Meanwhile, a Southern Baptist scholar commended Scalia, Rehnquist and Thomas for their dissent and warned that such flawed thinking on the part of the majority of the justices threatens academic freedom in America’s classrooms.

“Since when does it become the jurisdiction of the courts, even under the rubric of ‘constitutionality’ so-called, to rule on the very idea of ‘ideas’ or to pass judgment on the numerous extant ideas and theories already linked inseparably to the origins of the humankind question — or the universe for that matter?” asked Hal Ostrander, associate dean and associate professor of Christian theology at Boyce College of Southern Baptist Theological Seminary, Louisville, Ky.

“With respect to the logical cogency or empirical verification of knowledge per se or various creation theories under continuous development, such an enterprise should come under the jurisdiction of the academy, a constitutionally protected institution, as opposed to a legal system sworn to serve its citizens in matters needing to be steered better toward jurisprudence proper,” Ostrander continued. “Ideas matter. Creation ideas matter, too, and as the three dissenting judges phrased it, such ideas and theories are worthy of consideration. If they aren’t allowed bona fide consideration within the academy, just where will folks be allowed to gather to consider them?”

Ostrander said another flaw in the court’s thinking is the “unwarranted assumption” that young earth creationism is the only creation view to which biblicists hold.

“This is simply not the case, and for the powers-that-be to say that all origins theories should be categorized along these lines is a serious intellectual mistake,” he said.

The Supreme Court did not rule out the possibility of a school board requiring some type of disclaimer stating that evolution is not the only accepted view of the origin of life.
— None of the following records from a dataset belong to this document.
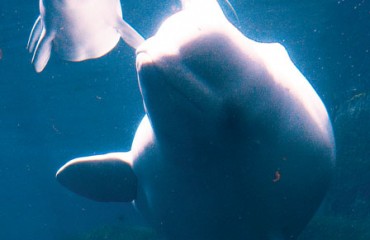 溫水族館續飼養鯨豚 不再繁殖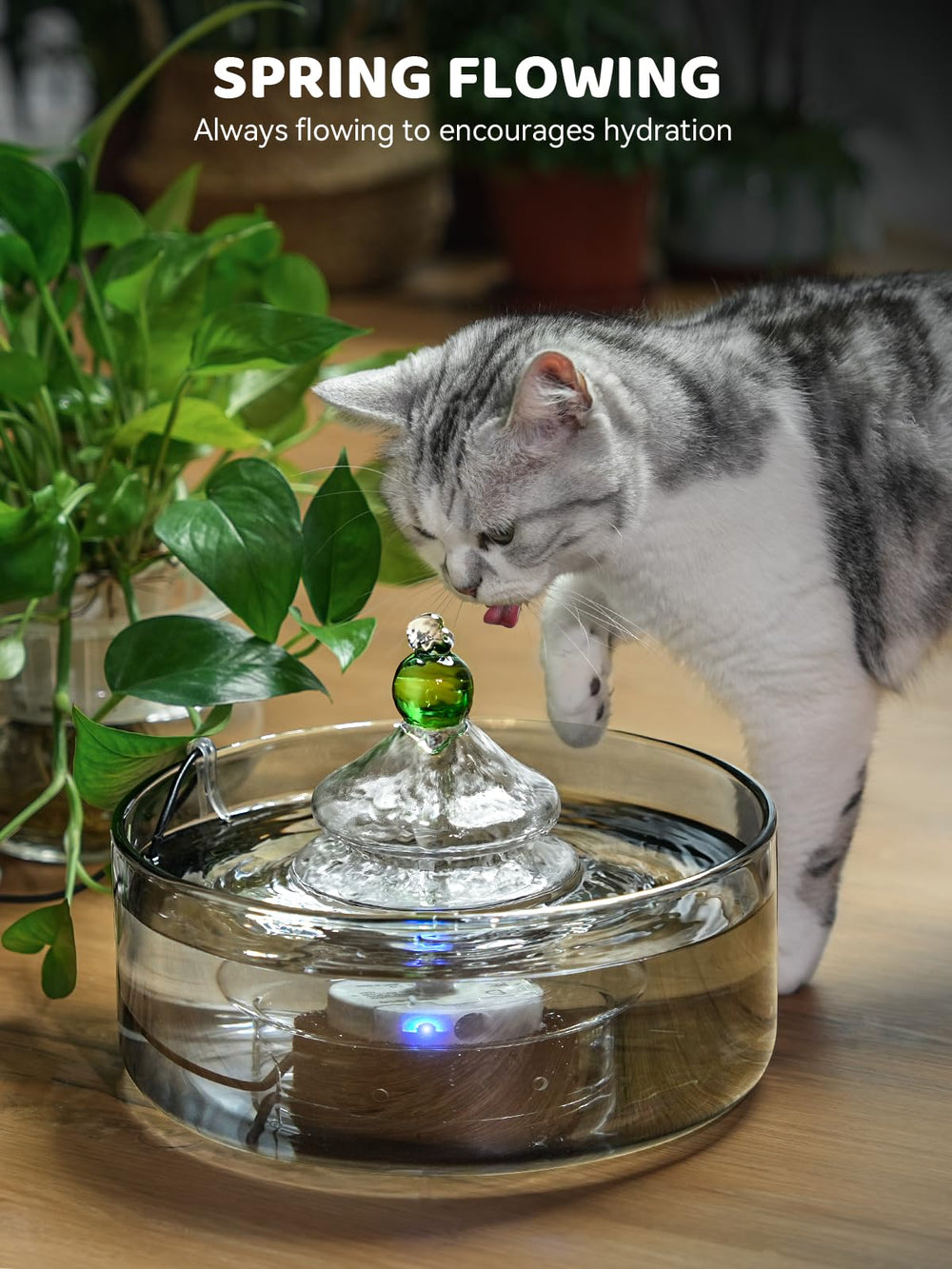 DCIOGAT cat fountain transparent water shows real-time status and easy monitoring of freshness.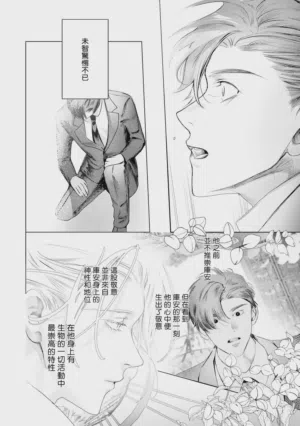 第567頁圖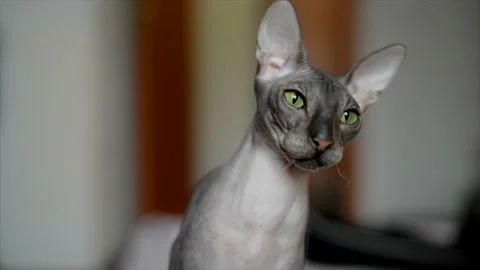 Sphinx with green eyes watching the camera Stock Footage 161102198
However, it ruled that the Tangipahoa disclaimer “under the facts and circumstances of this case … is not sufficiently neutral” to be constitutionally permissible.

The Tangipahoa disclaimer also said: “It is the basic right and privilege of each student to form his-her own opinion or maintain beliefs taught by parents on this very important matter. … Students are urged to exercise critical thinking and gather all information possible and closely examine each alternative toward forming an opinion.”

Lawyers representing the Tangipahoa appeal maintained, “the mere mention of the biblical version of creation by way of illustration does not present a significant risk of perceived endorsement of Bible-based religion.”

Lawyers opposing the disclaimer disagreed. “By disclaiming only evolution — the one element of the school curriculum that generates religious controversy — the school board has violated both the constitutional mandate of neutrality toward religion and its obligation to provide its students with secular educations free from religious indoctrination or partisanship.”

They also showed that the disclaimer was drafted right after the school board voted 5-4 to reject a proposal to teach creationism in the district’s schools.